Majeo Kim’s objects, often produced in the form of a relief, are not designed for any specific function, but they offer a potential space to place other objects. This design choice reconciles
the autonomy of art with the functionality of furniture, by transforming the functional space of furniture into a psychological one. The artist breaks down the dichotomous boundaries between furniture and sculpture; functionality and autonomy; craft and art, and by so doing, enjoys the freedom of neutrality without compromising.
In many aspects of their form, these works draw similarities to the “shaped canvas” in minimalism. Frank Stella’s shaped canvas abandoned the conventional rectangular form in order to strive art’s autonomy and eliminate pictorial illusion. Ultimately, the content of the painting became the form itself, adhering to the artist’s principle, “What you see is what you see.” The shaped canvas in minimalism completely eliminated everyday life, and by revealing its “self-referential” nature, allowed for the viewers to experience its phenomenological presence.
However, unlike minimalism in Western art which sought to erase elements of human and nature, Majeo Kim’s “shaped wooden objects” layers passionate human emotions and desires onto cold, functional, and minimalist furniture. Louis H. Sullivan’s famous statement – “Form follows function” – became the tenet of functionalism in modern craftsmanship that strived to eliminate any unnecessary decorative element, and solely focus on function. However, as Frank Gehry attempted to deconstruct the “matchbox” in modern architecture, Majeo Kim’s objects similarly deconstruct functionalist furniture by layering her own nomadic desire and playful spirit. The artist describes her body of work as a “play on non-angularity.”
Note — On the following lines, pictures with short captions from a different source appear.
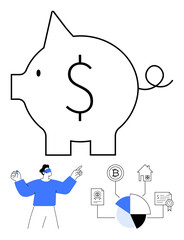 Piggy bank with dollar sign, man gesturing towards financial icons, pie chart. Ideal for finance, savings, investment, education, budgeting personal growth wealth building. Flat simple metaphor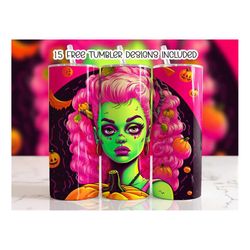 Halloween Pop art Tumbler Wrap, 20 oz Skinny Tumbler Sublimation Design, Digital Download, Straight & Tumbler Wrap PNG,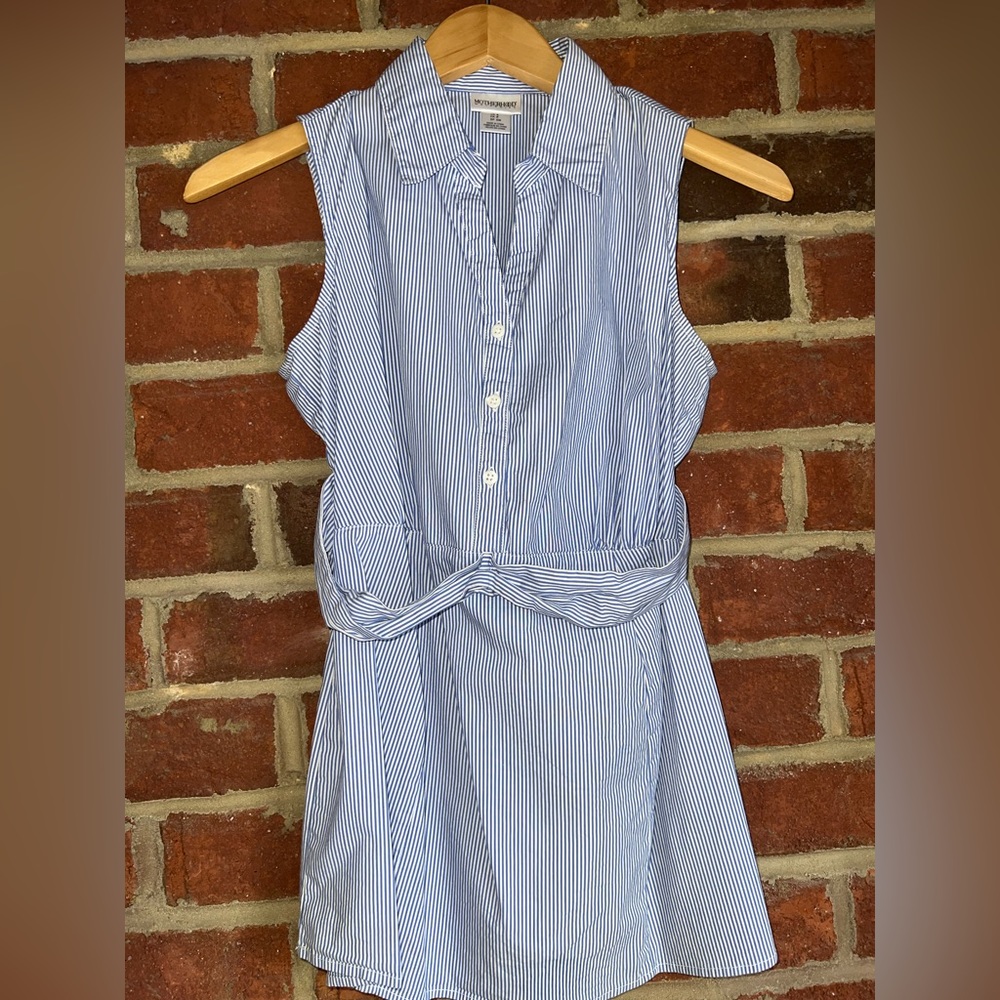 Motherhood Maternity blue and white striped sleeveless belted/ elastic waist top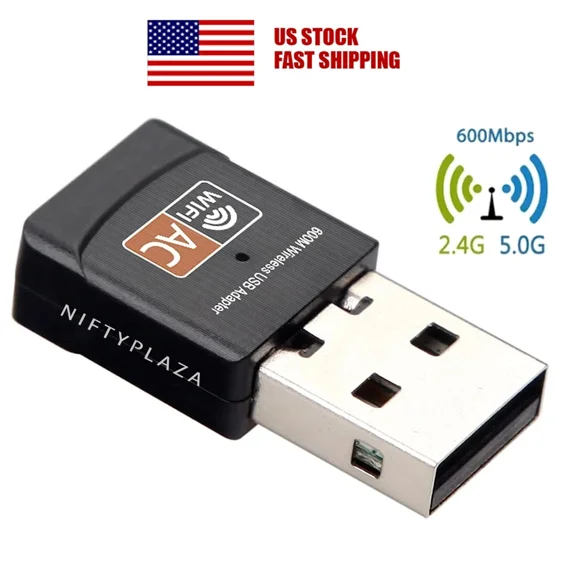 CRESTIN- Usb Wifi 5 Wireless Dongle Dual Band 600Mbps Ac600 Lan Network Adapter 2.4Ghz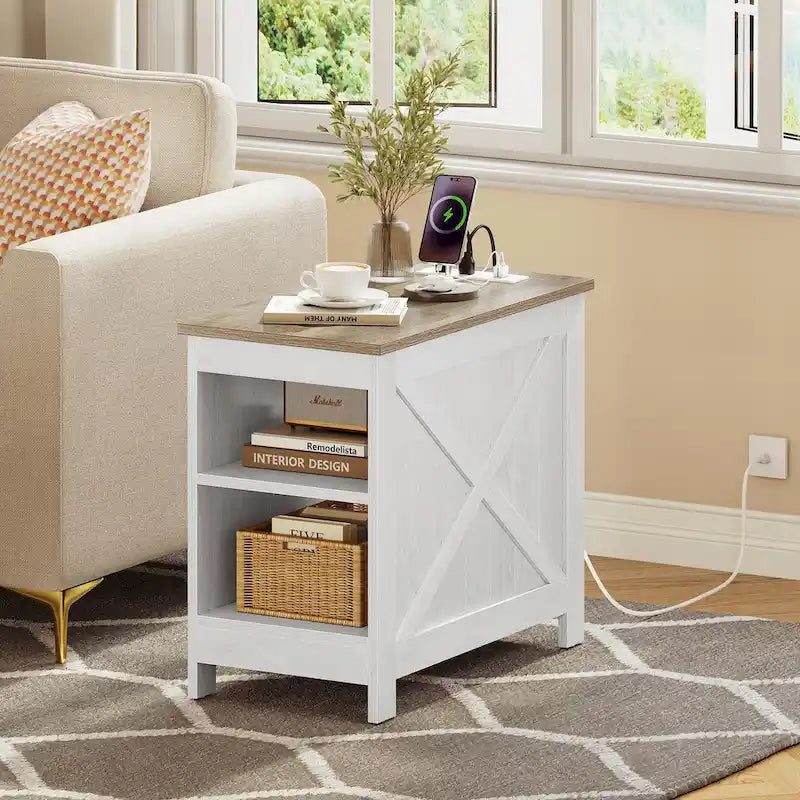 End Table with Charging Station, Side Table with Storage, 2 Power Outlets & 2 USB Ports for Living Room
“Non-angular form refers to a nongeometric form that is fluid and indefinable. We categorize most shapes into triangles and rectangles, continuously defining ourselves within the codes of our system and standards. (From the artist’s notes)”
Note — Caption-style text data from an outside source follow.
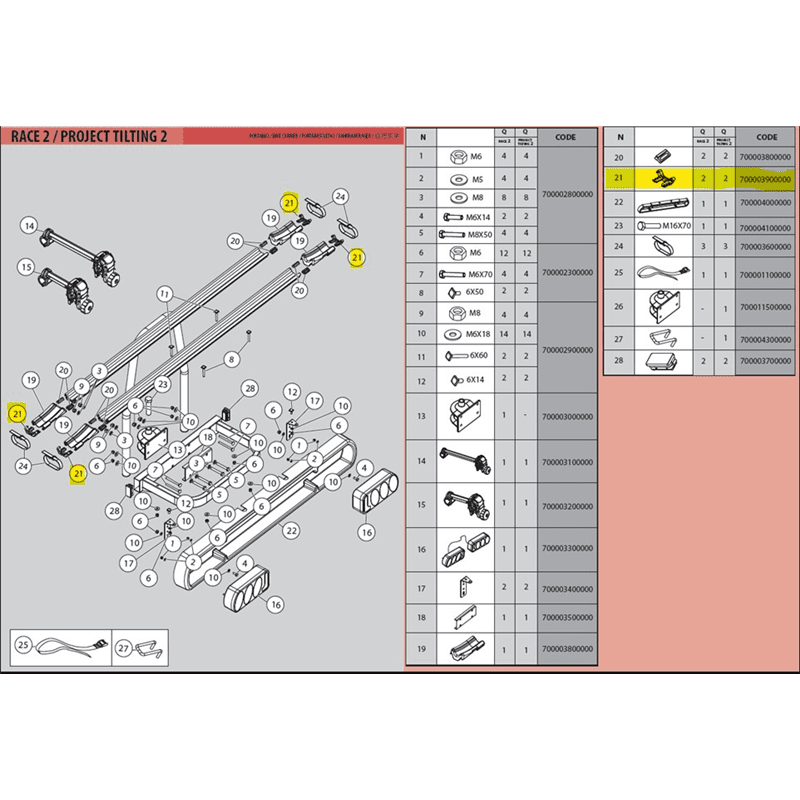 REZERVNI DIJEL ALU RAIL KAPE NOVI MENABO 700003900000 2KOM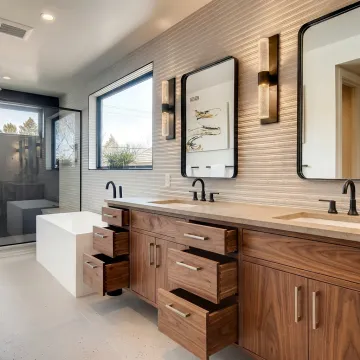 Custom walnut bathroom vanity with double sinks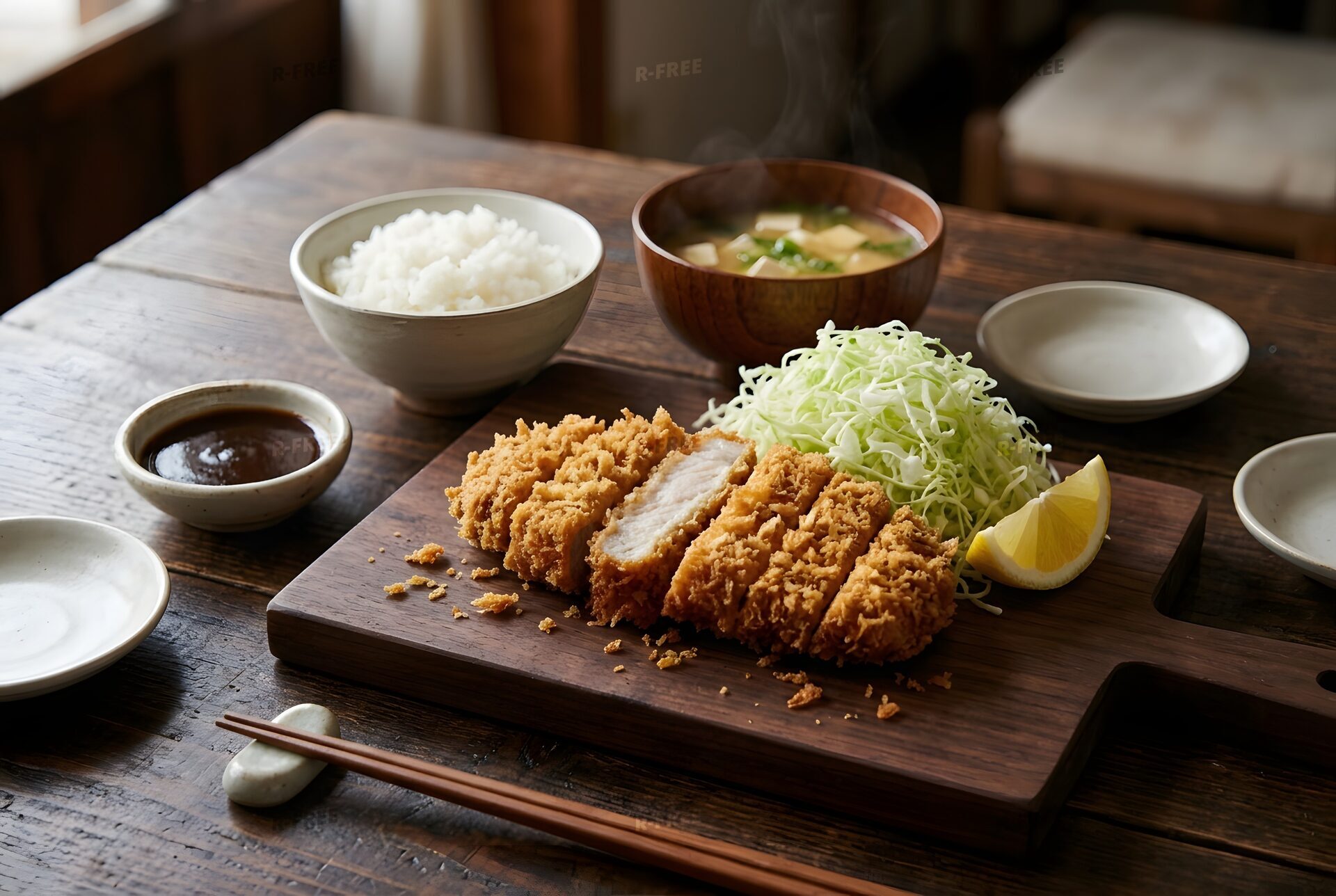 キャベツを添えたとんかつ定食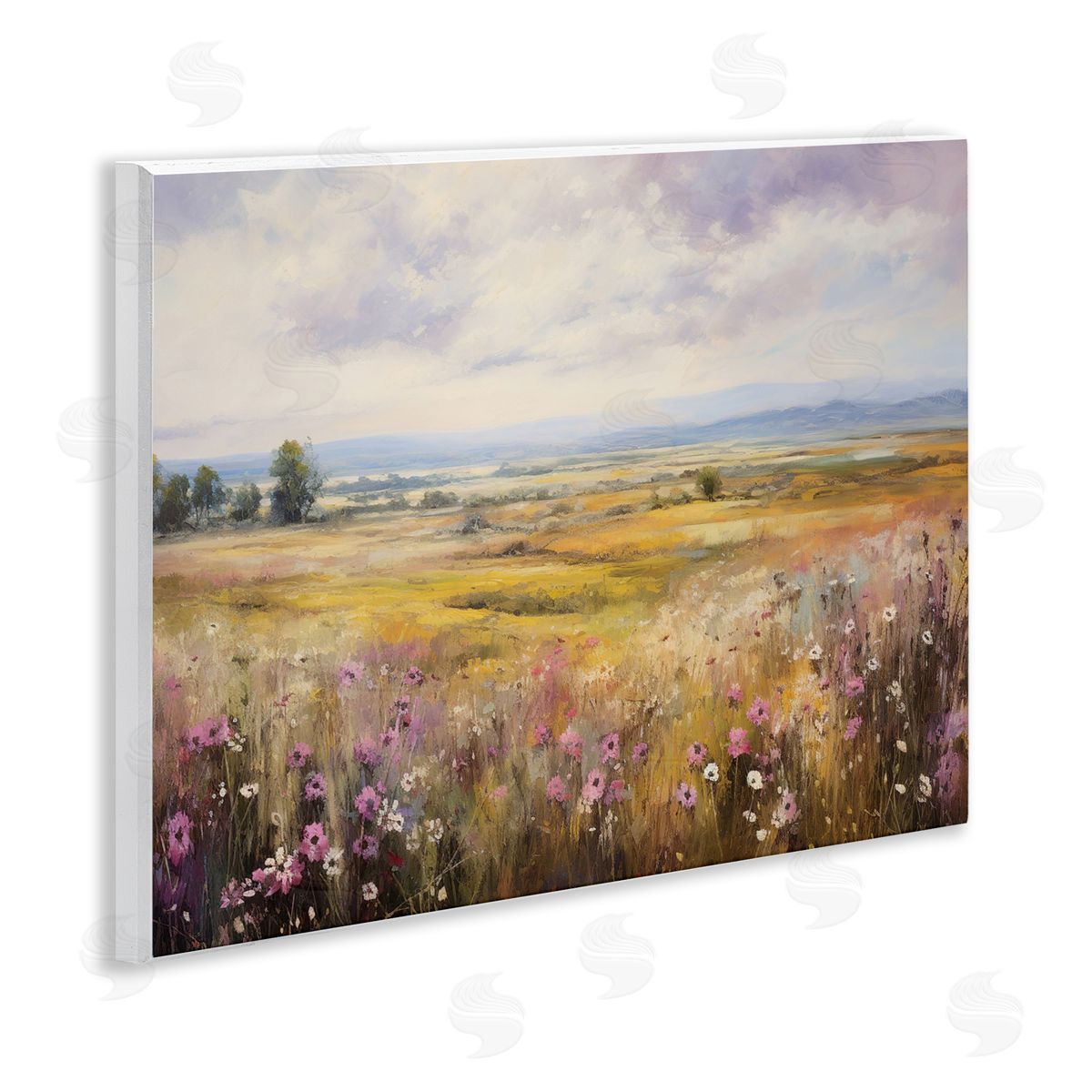 Vast Meadow with Subtle Flowers Wood Plaque Wall Art, Home Decor by Franklyn Gregory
“Non-angularity,” as discussed here, signifies the dynamic forces that allow form to escape conventional shapes like triangles and rectangles, and freely evolve. In the same context, “non-angularity” does not signify “having no angles,” but rather a concept of “fluidity” that continually evolves and changes through its relationship with others. This concept of “non-angularity,” therefore, is not a fixed space defined by geometry, but one which reflects on temporality, continuity of nature, and organic relationships between individuals. Majeo’s reflection of these concepts appear to derive from her profound interest in the philosophy of “emptiness (空)” in Buddhism.
From early on in her life, the artist has been dedicated to examining the self. In her late twenties, she shaved her head and joined the Buddhist Songgwangsa Temple to meditate and address her inner conflicts. She was eventually able to escape much of her spiritual turmoil through deep meditation and practice. Nature may seem to be designed and devised in a perfectly smooth order, but it is, in fact, in constant flux, full of unexpected coincidences and discontinuous shifts in time. The philosophy of “emptiness” in Buddhism, likewise, centers on the fluid and ever-changing concept of “dependent arising (緣起),” emphasizing impermanence (無常) and “non-self (無我).”
Majeo Kim’s concept of “non-angularity” profoundly relates to these Buddhist philosophies. Mathematical thinking or intellectual analysis by humans eliminate subtle differences and continuity in nature by categorizing and labeling. This leads to incomplete knowledge, caused by taking away a part of nature’s ever-changing current and defining it in a fixed perspective. This type of knowledge may be useful in certain practical sense, but it ultimately becomes a form of violence when it becomes absolute and forced.
Majeo Kim’s art stems from resistance against such violence of social authority defined by instrumental rationality and knowledge. As a free spirit, the artist experienced the oppression and rigidity of her patriarchal society more intensely than anyone. In her early work, which mainly consisted of painting, this conflict is more explicitly expressed. The artist’s early work before her marriage often portrayed vibrant and beautiful artificial flowers in vivid detail, expressing her superficial ego that is masked in illusion. However, as the artist went through turbulent times in her marriage and in life, her interest turned internally toward the ego within. Her work evolved in similar form to the traditional Korean painting genre of chaekgado (bookshelf painting), but with countless pockets of her subconscious constructing a hive where the most unpleasant and fearful memories would emerge.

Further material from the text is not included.